Decoding Hand Movement Patterns from M1 Electrocorticographic Signals Using Deep Learning

Introduction: Uncovering the complex relationship between neural signals and behavior is essential to elucidating motor cortex organization and advancing brain-computer-interfaces. Our study examines the application of deep learning algorithms for decoding discrete hand gestures from real-time M1 electrocorticographic activity.

Methods: A patient undergoing DBS lead placement had a 1024-contact cortical surface array temporarily placed over the hand-knob in the primary motor cortex (M1). They performed rock, paper, and scissor hand gestures while wearing a motion capture glove. Cortical activity and hand position were recorded and synchronized using custom software. Convolutional neural networks (CNNs) were developed to identify (i) movement versus non-movement, (ii) hand gestures, and (iii) gesture transitions. For (i), a three-layer CNN with 3x3 kernels and ReLU activations was trained on gamma bands alone, followed by 2-4 temporal and spatial layers trained on seven power spectra feature bands spanning 9-130 Hz. For (ii), a three-layer CNN with 5x5 kernels and ReLU activations was trained on gamma and beta bands spanning 12-80 Hz. For (iii), a CNN processed frequency bands spanning 2-150 Hz within 400-600 msec of movement initiation, independently across four parallel layers, each configured to a specific frequency band.

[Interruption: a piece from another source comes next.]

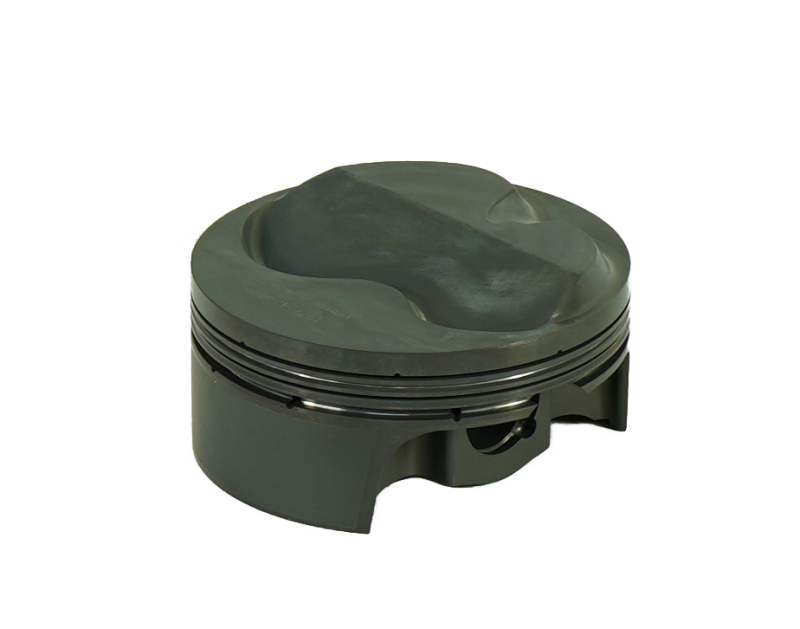 Mahle MS Chevrolet 436ci Small Block 4.165 x 1.000R 6.0cc Piston - Single - 197830065-1 Photo - Primary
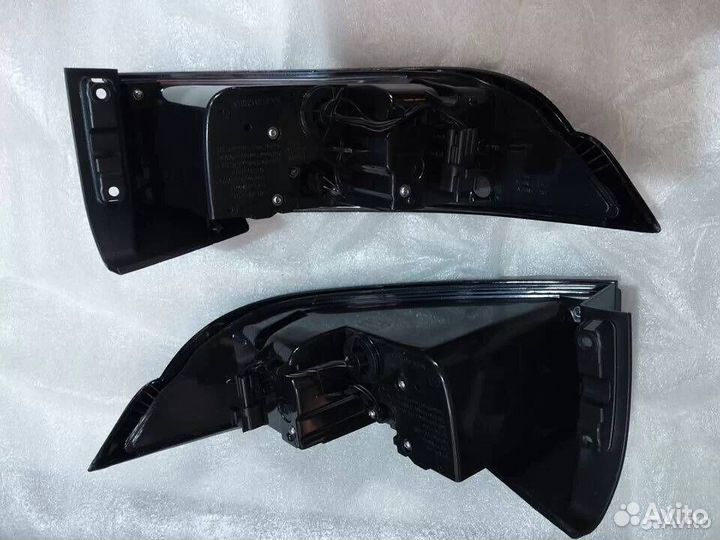 Комплект задних фонарей Range Rover Evoque 2015-18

Results: Performance in the CNN model using gamma alone to differentiate between movement versus non-movement consistently achieved accuracy >75%. Incorporating temporal features in sliding detection, performance increased to >80%. Using the same data, distinct CNN models were trained to predict specific hand gestures with an accuracy of 47% and gesture transitions >85%.

Conclusion : Our findings demonstrate that CNNs can be used to effectively decode hand gestures from surface electrocorticography; however, there may be room for improvement through identifying the behaviorally relevant and dynamic neural signals. Understanding consistent features across individuals will be important to allow future models trained on able-bodied patients to be deployed on patients with neurologic injury such as spinal cord injury.